● TASK DETAILS:
Your answer should consist of each line below that includes the word "Women".

● PROVIDED ENTRIES:
[Start of Attachment]

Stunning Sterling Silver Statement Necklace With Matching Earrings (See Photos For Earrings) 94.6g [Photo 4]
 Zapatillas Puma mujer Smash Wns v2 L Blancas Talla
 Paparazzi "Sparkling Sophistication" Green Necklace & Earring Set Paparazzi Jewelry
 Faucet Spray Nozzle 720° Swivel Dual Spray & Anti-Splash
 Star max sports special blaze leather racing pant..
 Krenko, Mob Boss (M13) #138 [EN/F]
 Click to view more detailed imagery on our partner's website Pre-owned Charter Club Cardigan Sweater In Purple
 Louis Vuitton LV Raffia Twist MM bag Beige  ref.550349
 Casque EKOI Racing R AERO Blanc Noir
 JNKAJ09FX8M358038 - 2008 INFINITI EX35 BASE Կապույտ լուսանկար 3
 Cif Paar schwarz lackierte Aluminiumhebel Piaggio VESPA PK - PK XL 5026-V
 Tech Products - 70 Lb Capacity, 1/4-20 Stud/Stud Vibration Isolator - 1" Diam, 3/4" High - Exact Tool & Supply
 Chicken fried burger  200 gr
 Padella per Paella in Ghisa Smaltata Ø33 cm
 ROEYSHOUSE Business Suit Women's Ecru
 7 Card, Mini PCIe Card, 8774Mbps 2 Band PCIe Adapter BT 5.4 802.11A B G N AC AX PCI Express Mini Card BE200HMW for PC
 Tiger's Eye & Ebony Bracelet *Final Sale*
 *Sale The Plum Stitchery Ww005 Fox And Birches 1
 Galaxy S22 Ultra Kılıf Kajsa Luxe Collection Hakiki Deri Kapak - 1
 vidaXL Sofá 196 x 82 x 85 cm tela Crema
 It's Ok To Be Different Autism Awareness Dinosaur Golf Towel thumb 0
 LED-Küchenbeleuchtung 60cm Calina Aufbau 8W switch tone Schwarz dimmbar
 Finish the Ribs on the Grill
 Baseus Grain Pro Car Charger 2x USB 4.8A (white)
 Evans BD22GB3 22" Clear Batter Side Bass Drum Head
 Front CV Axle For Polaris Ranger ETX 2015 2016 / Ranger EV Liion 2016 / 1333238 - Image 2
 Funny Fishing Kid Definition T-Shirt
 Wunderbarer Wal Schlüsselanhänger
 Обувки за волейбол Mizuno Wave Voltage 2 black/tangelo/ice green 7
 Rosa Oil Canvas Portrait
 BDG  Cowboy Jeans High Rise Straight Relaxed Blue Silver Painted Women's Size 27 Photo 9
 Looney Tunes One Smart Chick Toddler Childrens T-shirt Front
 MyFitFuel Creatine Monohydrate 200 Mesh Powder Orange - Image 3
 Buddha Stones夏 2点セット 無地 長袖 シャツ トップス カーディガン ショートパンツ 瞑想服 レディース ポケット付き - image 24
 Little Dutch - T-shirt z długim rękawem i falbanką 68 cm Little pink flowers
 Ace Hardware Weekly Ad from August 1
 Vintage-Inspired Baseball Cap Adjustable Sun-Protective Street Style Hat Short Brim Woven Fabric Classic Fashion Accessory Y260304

[End of Attachment]

● WRITTEN SOLUTION:
 ROEYSHOUSE Business Suit Women's Ecru
 BDG  Cowboy Jeans High Rise Straight Relaxed Blue Silver Painted Women's Size 27 Photo 9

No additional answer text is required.